Given these needs and the lack of succession planning for more than 8-out-of-10 owners, what options does a founder have for something they’ve spent all their life building?

Related: Succession Planning: How to Ensure Your Business Will Thrive Without You

 

Sale of the business in part or in full

If no one in the owner’s family wants to run the business, selling all or part of it is usually the first exit strategy that comes to mind for most business owners since it’s the most obvious option. However, timing is a critical factor for this strategy, and selling now does not appear to be the best time.

According to the 2020 BizBuySell, 68 percent of surveyed business owners believe they would have gotten a better value if they had sold in 2019 compared to 2020, which is nearly double the response percentage for the 2018 survey – and 7-out-of-10 owners blame the pandemic for their lower estimates in business value.

Related: Family Succession: How to Do It Right

 

Business closure or asset liquidation

Small businesses that have been able to pivot, re-invent themselves and survive during the pandemic have been gobbling up struggling competitors, distressed assets at deep discounts and the corresponding market share.

It’s definitely a buyer’s market for small-to-medium-sized companies trying to stay open through the pandemic cycle. The BizBuySell survey found that 57 percent of prospective business buyers believe they can now acquire a business for a better value than the same time last year, that’s a dramatic jump from 17 percent in 2019. 

Additionally, closure and liquidation at fire sale prices could be difficult for owners to consider in light of the impact to their lifelong work as well as their aforementioned priorities of keeping the company running, keeping workers employed and customers happy.

Related: How to Plan for Succession When There is No One to Succeed You

 

Employee-owned alternatives

However, there is another owner exit strategy that increases the chances of keeping the company operational, keeping employees on the job, maintaining business continuity for customers as well as providing a tidy ROI to the founder – conversion to an employee ownership model.
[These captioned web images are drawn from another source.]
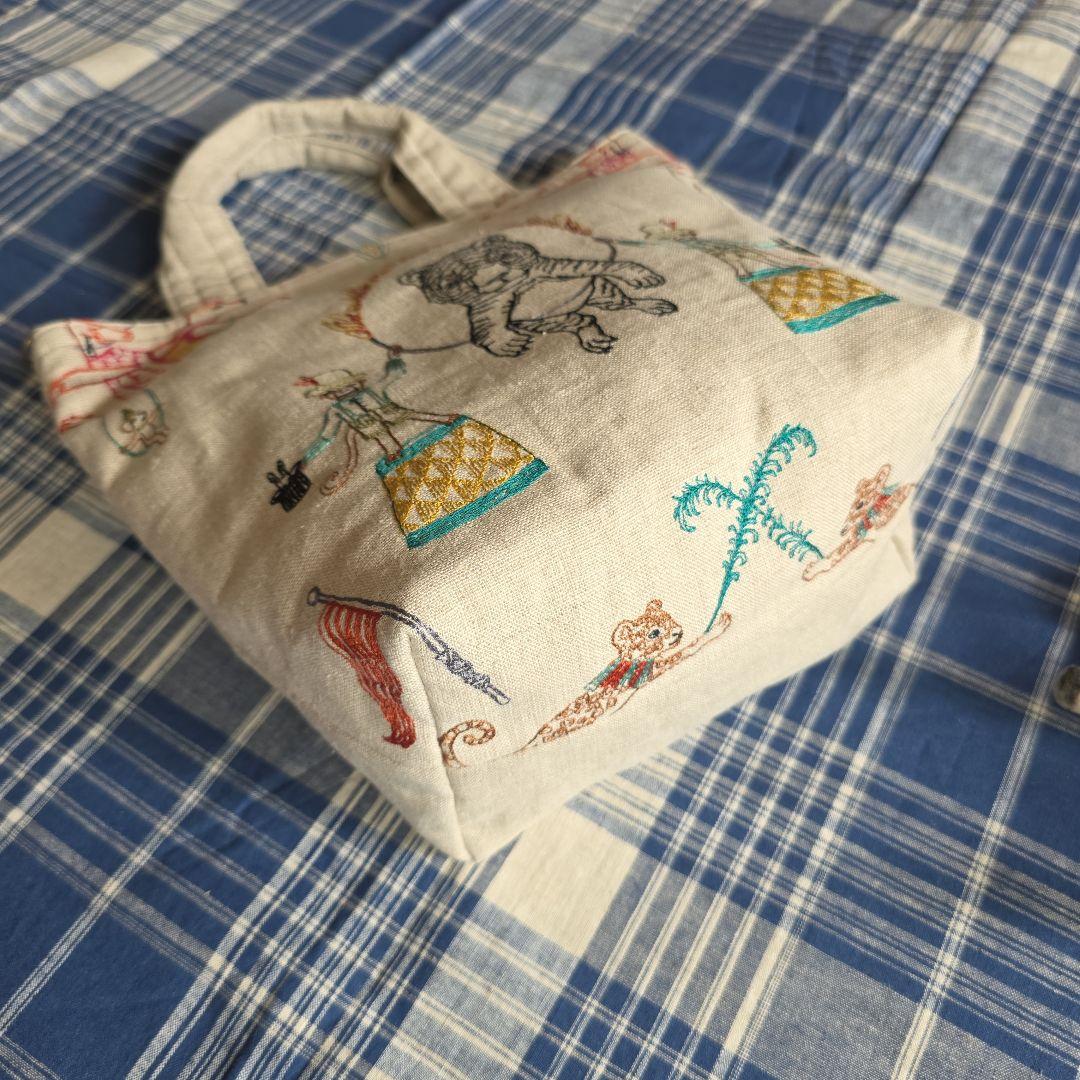 ❁ハンドメイドになります❁ 　CORAL&TUSK 　リネントートバッグ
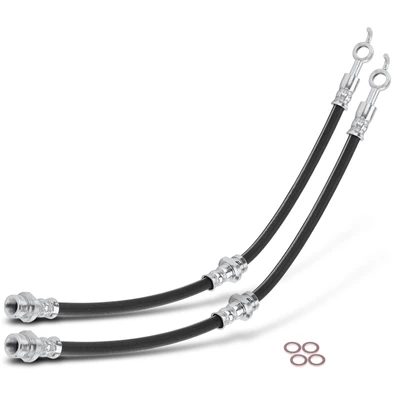 2 Pcs Rear Brake Hydraulic Hose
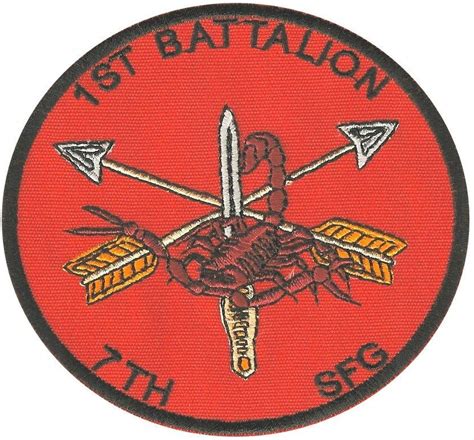 1st Battalion 7th Sfg Special Forces Patch Special Forces Battalion
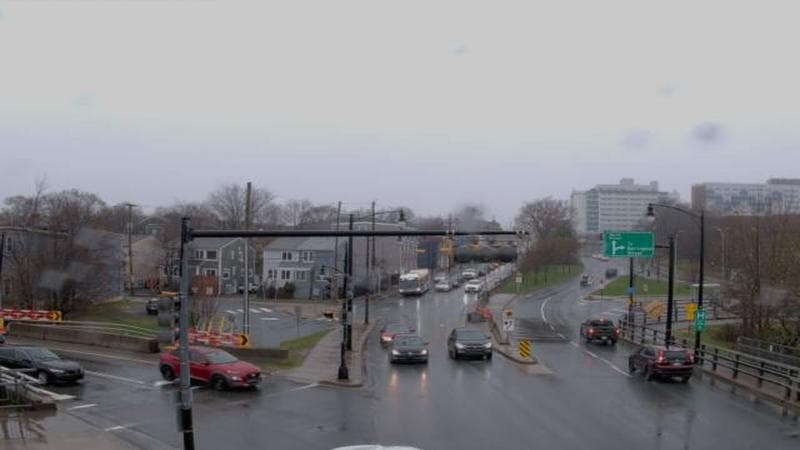 Mac Donald Bridge - Dartmouth bound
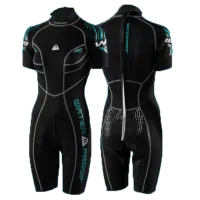 Waterproof W30 Damen Shorty 2,5mm - kurzer Neoprenanzug für Wassersport - Kurzer Warmwasser Neoprenanzug mit 2,5 mm Dicke, Superstretch Neopren und Anti-Rutsch-Schutz für optimalen Komfort und Bewegungsfreiheit beim Wassersport.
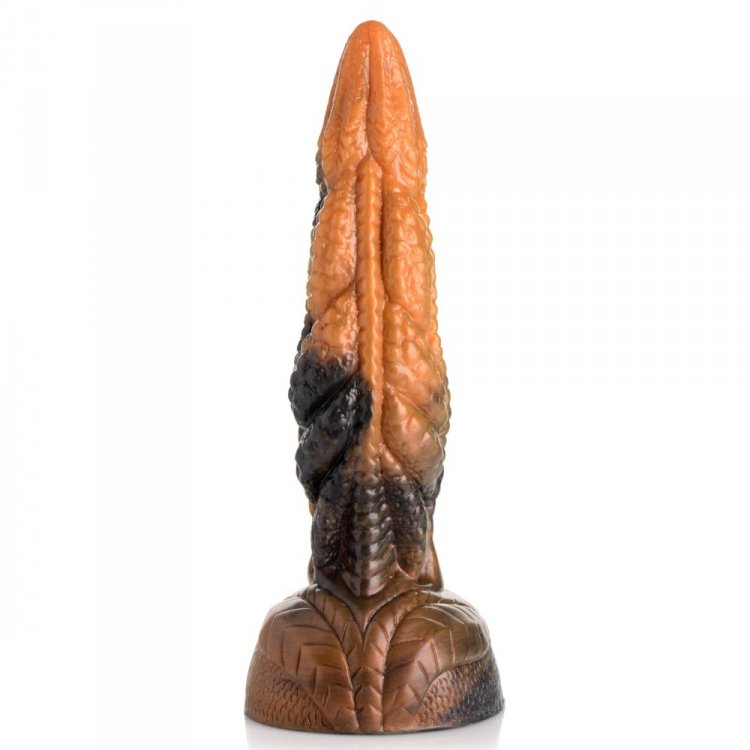 CREATURE COCKS RAVAGER RIPPLED TENTACLE SILICONE DILDO - XRAG920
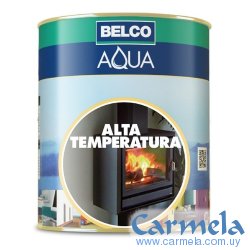 Esmalte Alta Temperatura Negro Belco Aqua 0,9 LT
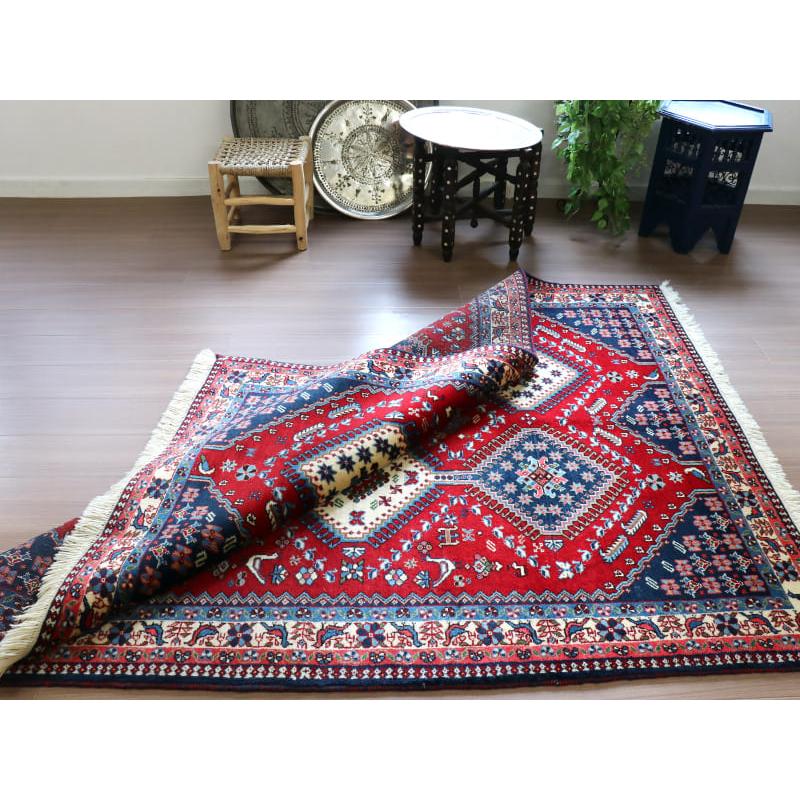 トライバルラグ 部族絨毯 イラン南部ヤラメ Yalameh 【別倉庫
The most popular employee-owned options include either an employee stock ownership plan (ESOP) or a worker cooperative model.

Employee-owned corporations are companies where the majority stake is held by the “rank and file” workers. For either an ESOP (pronounced EE-sop) or worker cooperative, the purchase of the owners’ shares of stock on behalf of the employees is accomplished by a loan underwritten with the company’s assets and future profitability. 

The specific provisions of an ESOP can be customized to the organization’s needs, but the workers’ shares of stock are held in a retirement trust in all cases. Shares of stock are allocated to employee accounts in the trust each year, and the allocation formula is typically based on their wages and/or years worked. The value of the shares in an employee’s account increases or decreases each year based on profitability and overall market conditions.

Once an employee resigns or retires, they cash out the value of their vested shares by having the company “buy back” the vested shares from the departing employee. Depending on the plan design, the money from the purchase goes to the employee in a lump sum or equal payments over time. Once the company purchases the shares and pays the employee, the company can redistribute the shares to the remaining employees. 

In a worker cooperative, in addition to the corporate loan used in an ESOP to get it going, there is also normally a small financial buy-in by each “worker owner.”  This buy-in gives the worker cooperative its distinct “1 share, 1 vote” characteristic, which provides more democracy within the workplace than most ESOPs. A focus on the annual sharing of profits rather than the allocation of additional shares of stock is also a unique feature of worker cooperatives.

Ask your accountant, lawyer, or financial advisor about whether an ESOP or worker cooperative might be right for your company or learn more from the Employer Ownership Expansion Network, a nonprofit organization committed to advancing ESOP adoption and educating owners about the benefits of an ESOP to their businesses, employees and customers through its network of State Centers for Employee Ownership.